Neste contexto, de se destacar, ainda, o absurdo da redação do dispositivo em comento, eis que o próprio art. 10, caput, deixa claro que os depósitos judiciais vinculados aos débitos serão “pagos ou parcelados nos termos desta Lei”, ou seja, com as reduções nela previstas. E mais, a existência de depósito significa a quitação – ainda que parcial – do débito, enquanto sua ausência poderá, no futuro, implicar num eventual descumprimento do acordo de parcelamento firmado entre Fisco e contribuinte.

Do contrário, estar-se-ia atribuindo tratamento diferenciado a uma parcela de contribuintes que, de boa-fé, realizam o depósito judicial como garantia do débito e, assim, ingressam no Poder Judiciário para discussão da respectiva dívida tributária, daqueles que optam por não pagar sua dívida e sequer garanti-la, o que traduz clara ofensa aos princípios da igualdade e isonomia tributária.

Ao que tudo indica o Governo Federal 3 não irá abrir mão da integralidade dos depósitos judiciais já vinculados a débitos tributários, que, na posição de março do ano corrente, perfazia o montante de R$ 72 bilhões em favor União, segundo informações do Procurador-Geral da Fazenda Nacional. É dizer que aos contribuintes não restará outra alternativa senão a discussão judicial de seu legítimo direito.

1 “Art. 1º (omissis)
3º Observado o disposto no art. 3o desta Lei e os requisitos e as condições estabelecidos em ato conjunto do Procurador-Geral da Fazenda Nacional e do Secretário da Receita Federal do Brasil, a ser editado no prazo de 60 (sessenta) dias a partir da data de publicação desta Lei, os débitos que não foram objeto de parcelamentos anteriores a que se refere este artigo poderão ser pagos ou parcelados da seguinte forma:”.

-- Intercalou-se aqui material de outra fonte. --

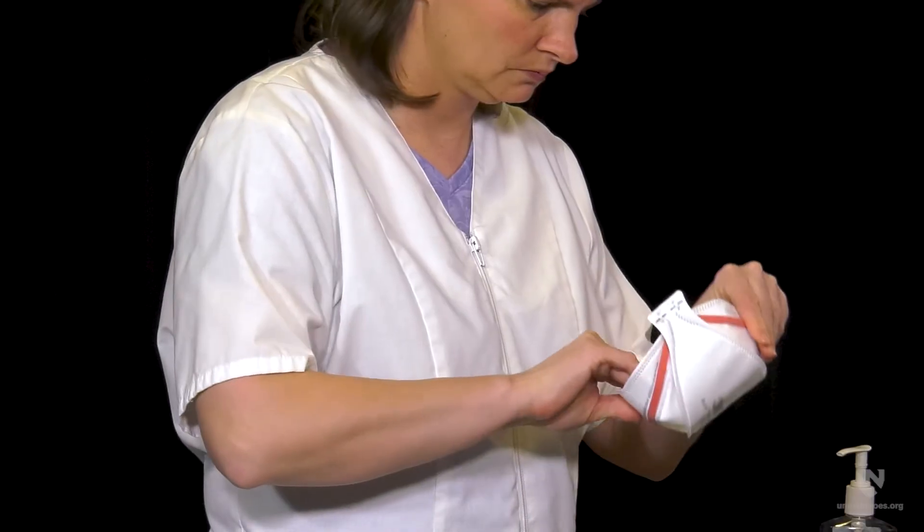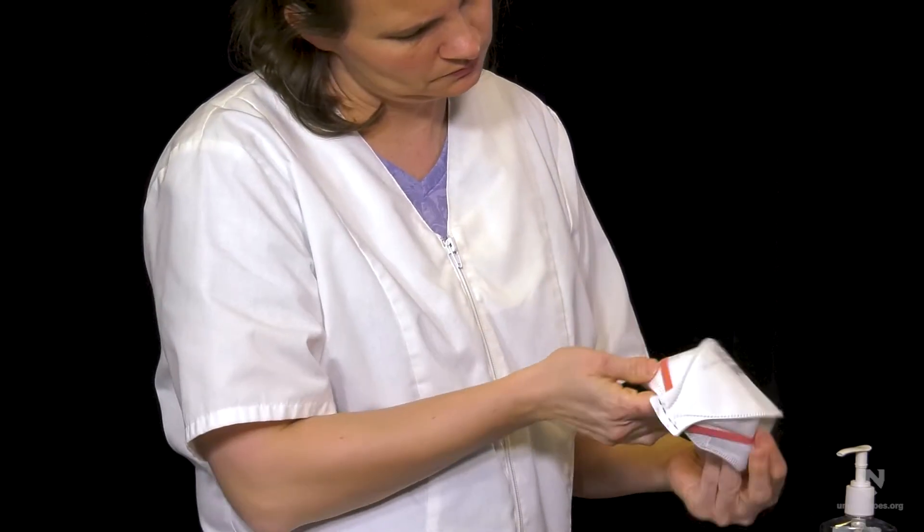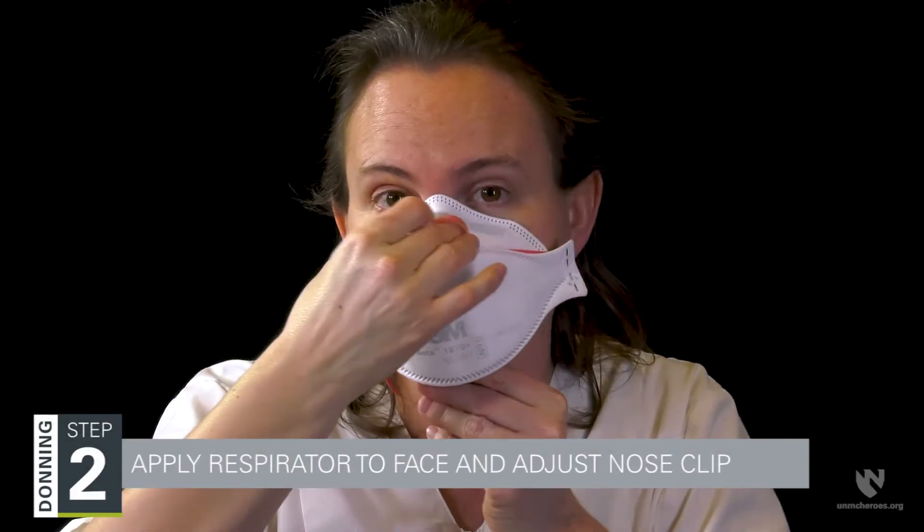Prior to donning, you should examine your respirator for manufacturing defects. The second step is to apply the respirator to your face and adjust the nose clip.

2 A MP nº. 449/2008, em sua redação original, não contemplava a previsão do parágrafo único, que foi acrescentado quando da edição da Lei nº. 11.491, senão veja-se:
“Art. 10. Os depósitos existentes, vinculados aos débitos a serem pagos ou parcelados nos termos desta Lei, serão automaticamente convertidos em renda da União, aplicando-se as reduções para pagamento a vista ou parcelamento, sobre o saldo remanescente.
Parágrafo único. Na hipótese em que o valor depositado exceda o valor do débito após a consolidação de que trata esta Lei, o saldo remanescente será levantado pelo sujeito passivo.”

3 Situação a ser definida ainda nesse mês de julho, com a edição do ato conjunto do Procurador-Geral da Fazenda Nacional e do Secretário da Receita Federal do Brasil, que disciplinará as condições para adesão ao parcelamento.